------ Input records

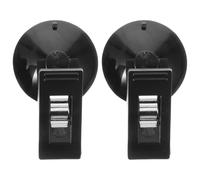 KICHOUSE 2pcs Car Clip Holder with Suction Cup for Glasses and Papers, Compact Design Pvc and Abs Material, for Car Dashboard and Traveling, Reusable Sun Shade Ticket and Card Clamp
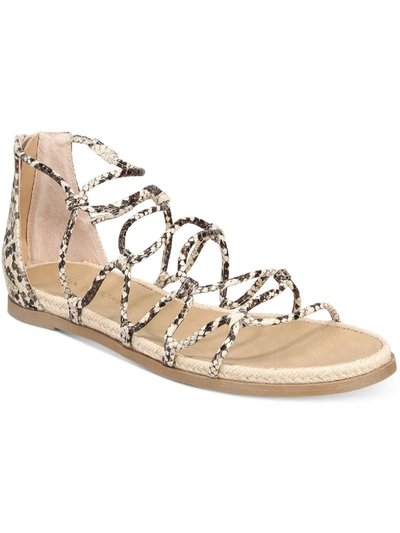 Sun + Stone Oliviah Womens Faux Leather Espadrille Gladiator Sandals In Beige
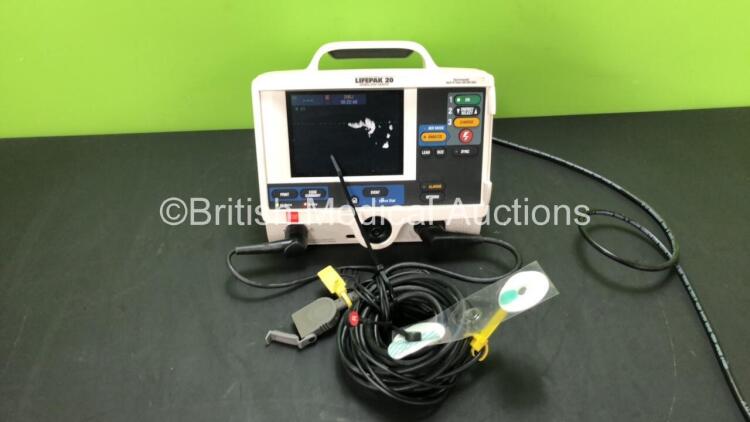 Physio Control Lifepak 20 Defibrillator / Monitor with 1 x Paddle Lead and 1 x 3 Lead ECG Lead (Powers Up with Missing Door Panel-See Photo) *SN FS0118347 - 30898707*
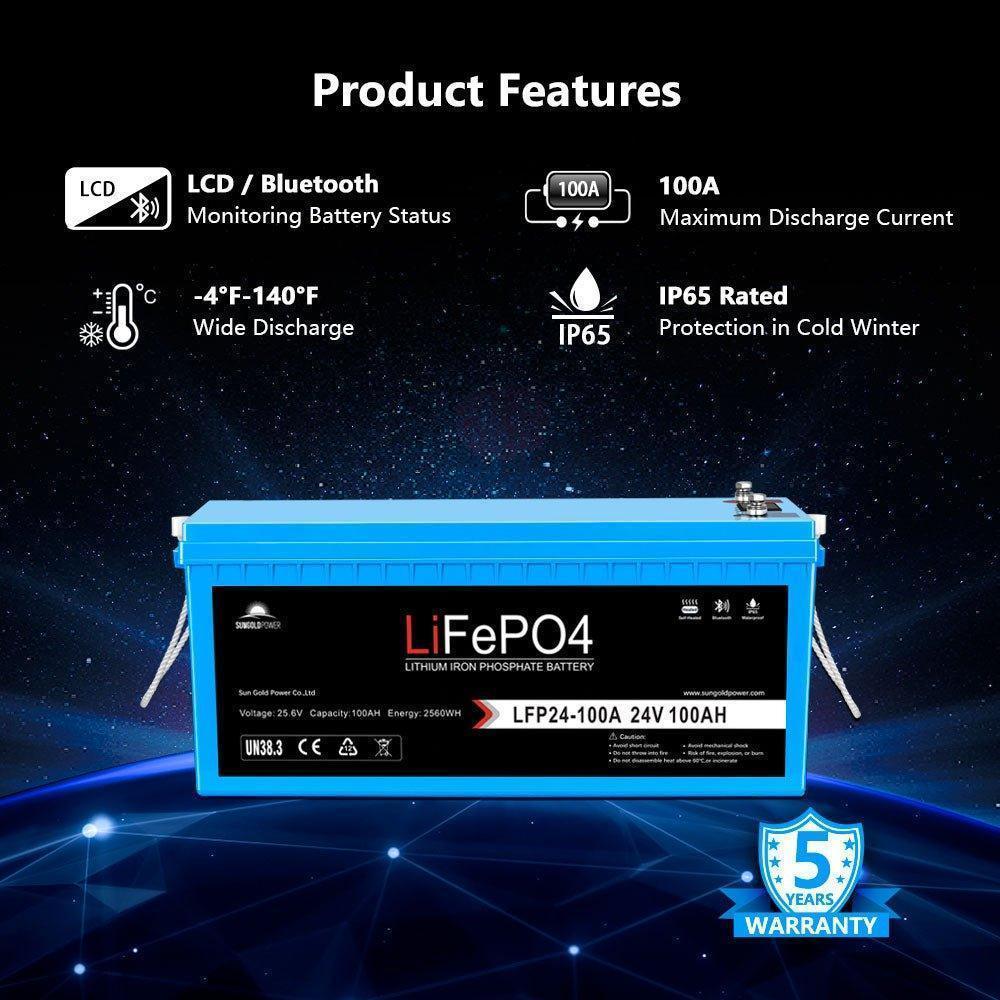 Sungold Power 24V 100Ah LiFePo4 Deep Cycle Lithium Battery Bluetooth Self-Heating / IP65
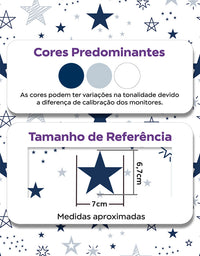 KIT DE 2 ROLOS - 3,00m x 50cm - Papel De Parede Adesivo Estrelas Encantada Azul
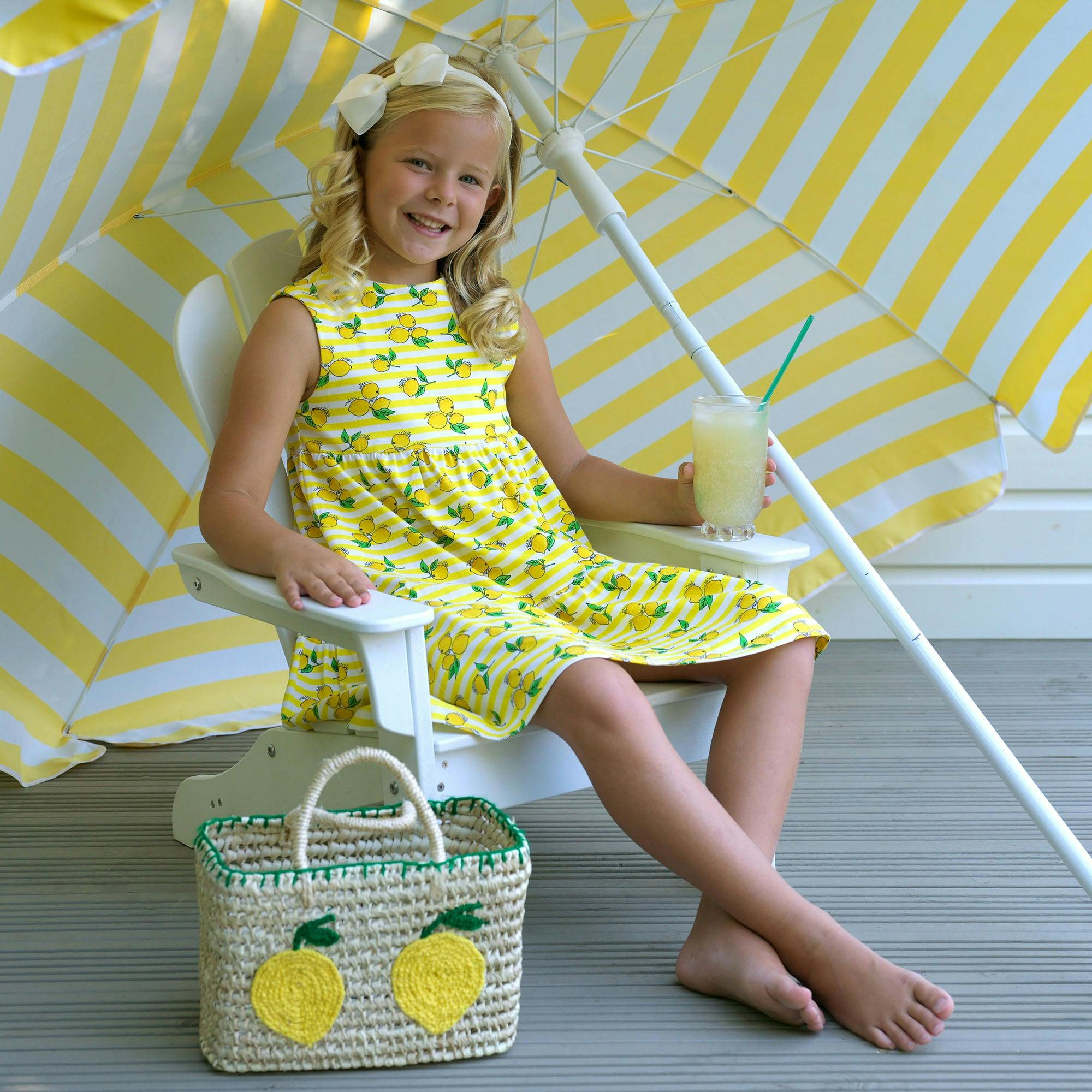 Lemon Stripe Jersey Dress
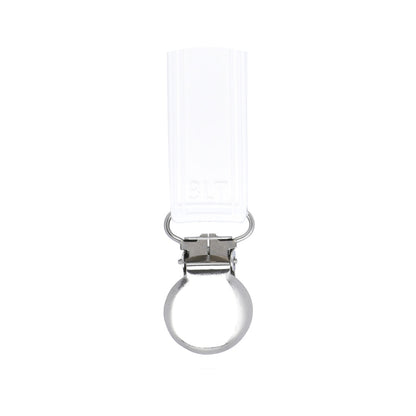 Three Little Tots Classic White All Silicone One Piece Pacifier Clip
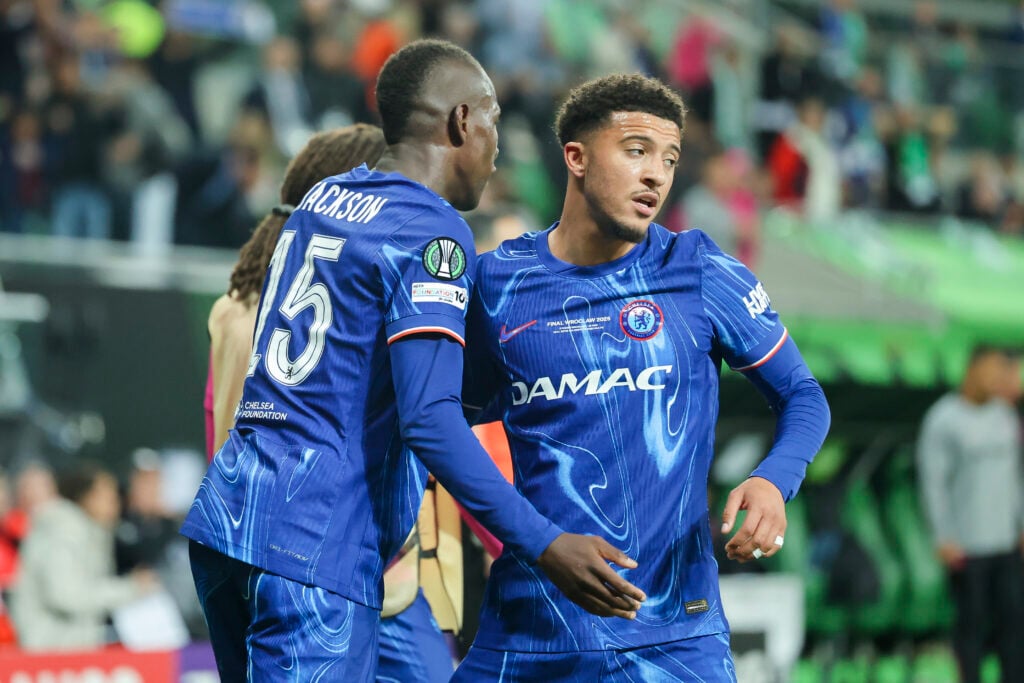Nicolas Jackson of Chelsea FC and Jadon Sancho of Chelsea FC cheer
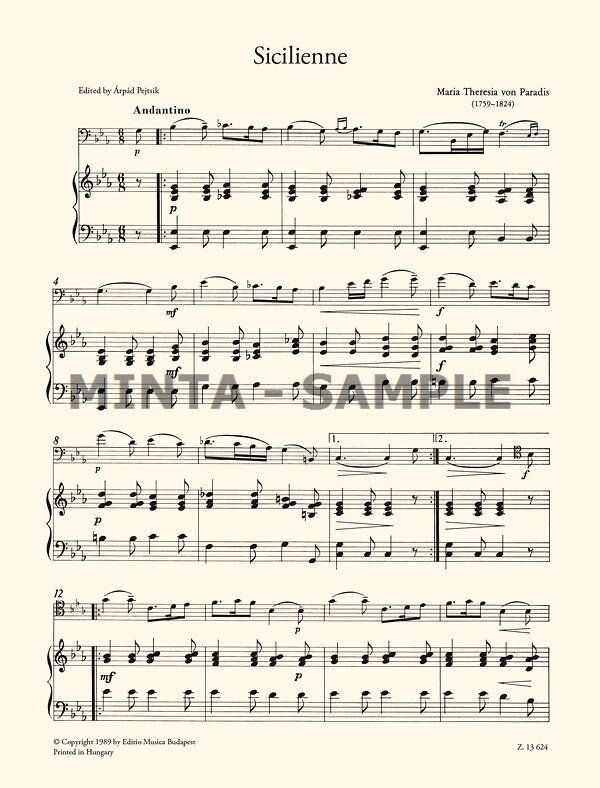 Paradis: Sicilienne (arr. for cello & piano)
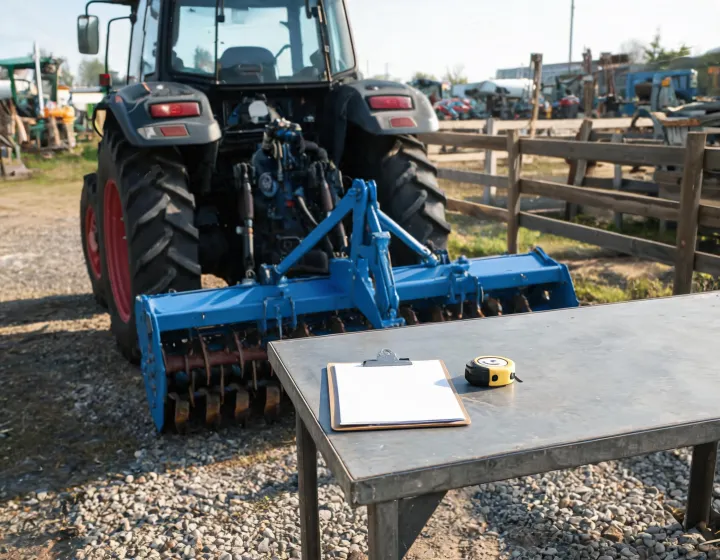 Tiller specification review worksheet beside a parked tractor
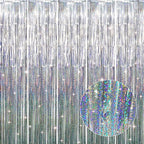GOER 3.2 ft x 8.2 ft Metallic Tinsel Foil Fringe Curtains Party Photo Backdrop Party Streamers for Birthday,Graduation,New Year Eve Decorations Wedding Decor (5 Packs,Shiny Silver)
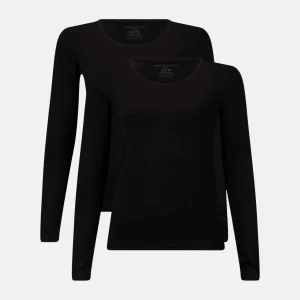Lara bambu långärmad T-shirt - Svart 2-pack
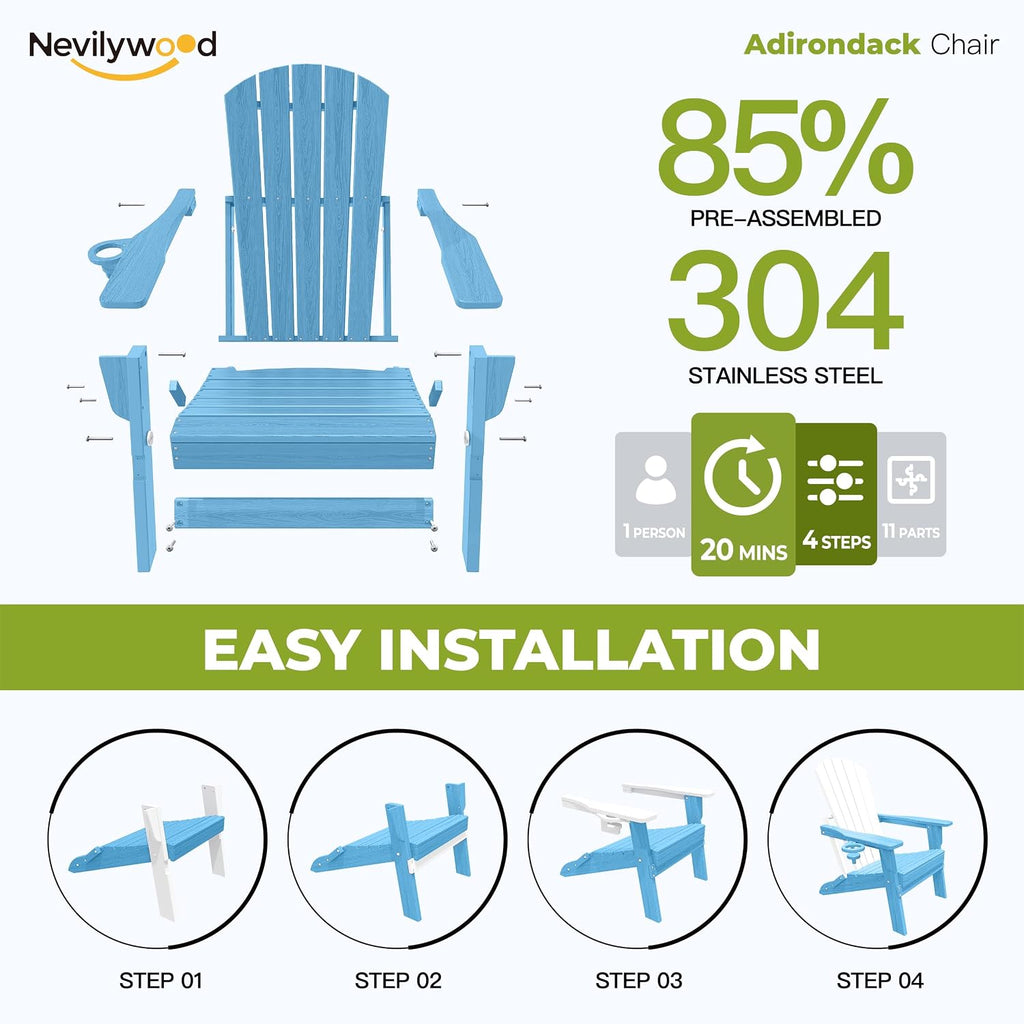 Folding Adirondack Chairs Set of 2, HDPE Cup Holders, Light Blue | Patent pinless folding design, 380lbs, Extended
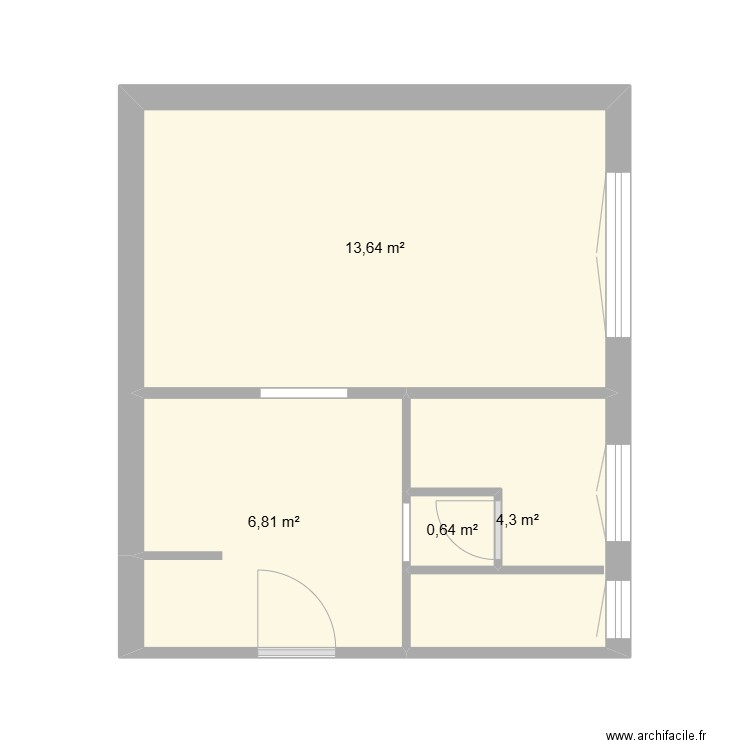 18 aro. Plan de 4 pièces et 25 m2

------------

Assigned task:
Your answer must be an exact copy of the lines from the line with "Nicolas Jackson of" to the final line of the data, both ends included, and no pictures.

Task solution:
Nicolas Jackson of Chelsea FC and Jadon Sancho of Chelsea FC cheer
 Paradis: Sicilienne (arr. for cello & piano)
 Tiller specification review worksheet beside a parked tractor
GOER 3.2 ft x 8.2 ft Metallic Tinsel Foil Fringe Curtains Party Photo Backdrop Party Streamers for Birthday,Graduation,New Year Eve Decorations Wedding Decor (5 Packs,Shiny Silver)
Lara bambu långärmad T-shirt - Svart 2-pack
 Folding Adirondack Chairs Set of 2, HDPE Cup Holders, Light Blue | Patent pinless folding design, 380lbs, Extended
 18 aro. Plan de 4 pièces et 25 m2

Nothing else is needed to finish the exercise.